Wundenheilungsstorung

In einem optimalen Fall ist die Narbe ein kaum sichtbarer linienförmiger, dünner Streifen. Die Heilung einer Wunde hängt von der Richtung der Wunde, von der abdominalen Region, vom Technik des Wundenschlusses, und von den individuellen Wundheilungseigenschaften ab.

Aus dem Oberen folgt, dass die Qualität der Wunde nicht nur von der Arbeit des plastischen Chirurgen abhängt, sondern auch in großem Masse von unabhängigen Faktoren bestimmt wird. Die Haut, und die unter ihr liegende Lederhaut beeinflussen in großem Maße die Qualität der Narbe. Die dünnste Haut unseres Körpers bedeckt die Augenlider. Hier, und bei Operationen die am Gesicht gemacht wurden sind auch für das geübte Auge Narben nach einer gewissen Zeit nur noch schwer auszumachen. Aber auf dem Rücken, Dekolletés, Beinen kann auch die ordentlichste Arbeit unschön heilende, breite Narben verursachen.

Die sogenannte atraumatische Methode ist sehr wichtig. Das bedeutet, dass die Wunde mit einem sehr scharfen Skalpell, die Schichten der Haut mit möglichst nur einer Bewegung durchschneidend, senkrecht zur Oberfläche beigebracht wird, und beim Schluss werden die Hautränder nur so oft berührt, wie unbedingt nötig.

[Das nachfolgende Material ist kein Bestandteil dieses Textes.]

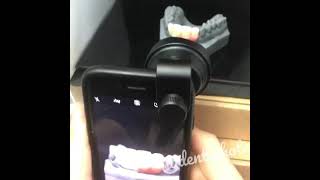 Phone macro lens for dental photography & dental technician. Dental mobile photography.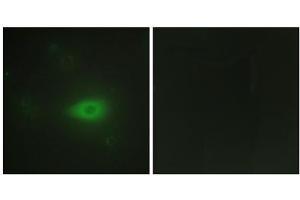 Immunofluorescence analysis of HepG2 ells, using HARS antibody. (HARS1/Jo-1 Antikörper  (C-Term))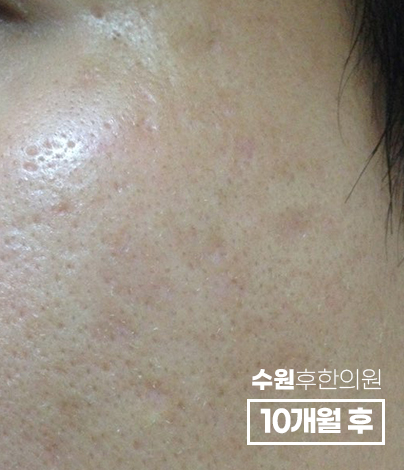 전후사진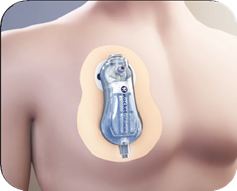 Illustration of pleural vent after insertion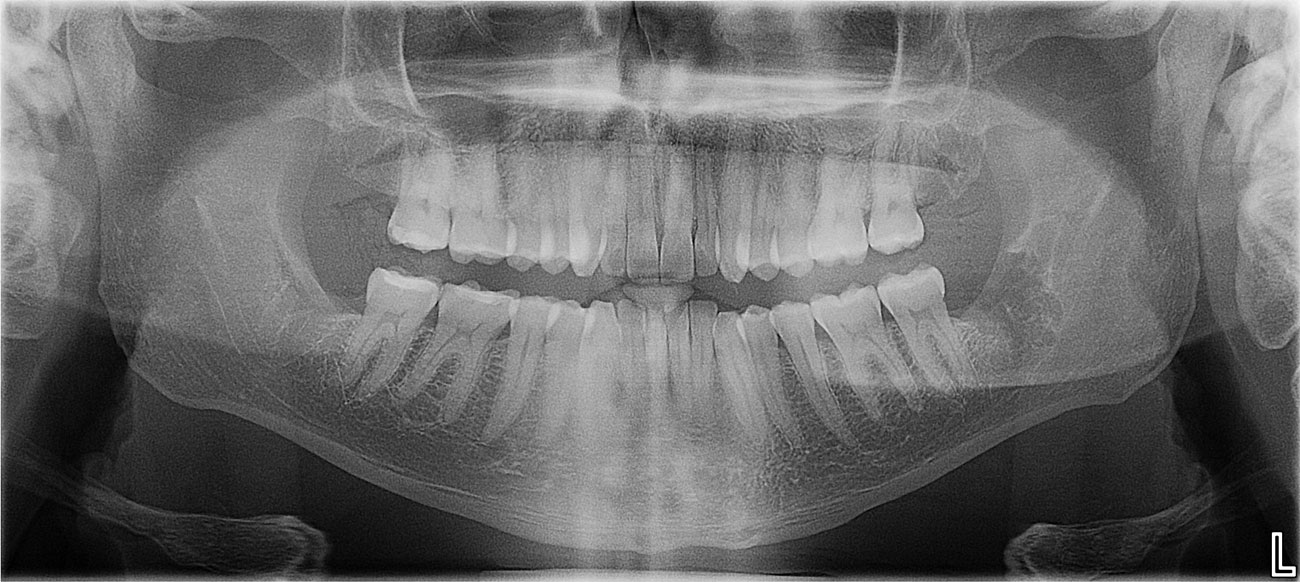 estrazione denti giudizio in unica seduta varese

Auch dann werden feine Instrumente und spezielle wundbeschließender Faden verwendet. Die Heilung der Wunden kann, bis sie ihre finale Kondition erreichen, 2 Jahren dauern. Mit verschiedenen Behandlungen, Kremen, Salben, Licht- und Laserbehandlungen kann der Ablauf beschleunigt werden, meiner Meinung nach beeinflüssigen sie das Endergebnis aber nicht.

Das größte ästhetische Problem verursacht das sogennante Keloid. Am Feld der Operationsnarbe finden wir brennende, kribbelige, rote, unebene, wuchernde Veränderungen, die auch schmerzhaft sein können. Dieses Problem kann von eigener Veranlagung, der abdominalen Regionen abhängen. Bei Negroiden kommt das häufiger vor. An den Schultern, in der Region über dem Brustbein und hinter den Ohren kommt es ebenfalls häufiger hervor. Ihre Behandlung ist keine dankbare Aufgabe, weil sie sich sehr häufig erneuern, umsonst schneiden wir sie heraus, mit atraumatischer Wundenbehandlung, kombiniert mit Röntgenstrahlung vor und nach der Operation.

Darum ist weitgehender Konservativismus empfohlen. Das bedeutet: wir Entscheiden uns nur im äußersten Fall für eine Operation. Wir probieren es mit verscheidenen, die Wundenheilung befördernden Salben, Silikongel, oder mit Plättchen. Im Falle der Unwirksamkeit dieser Maßnamen versuchen wir es mit steroidhaltigen Mitteln zu behandeln. Die Behandlung kann häufig Besserung bringen.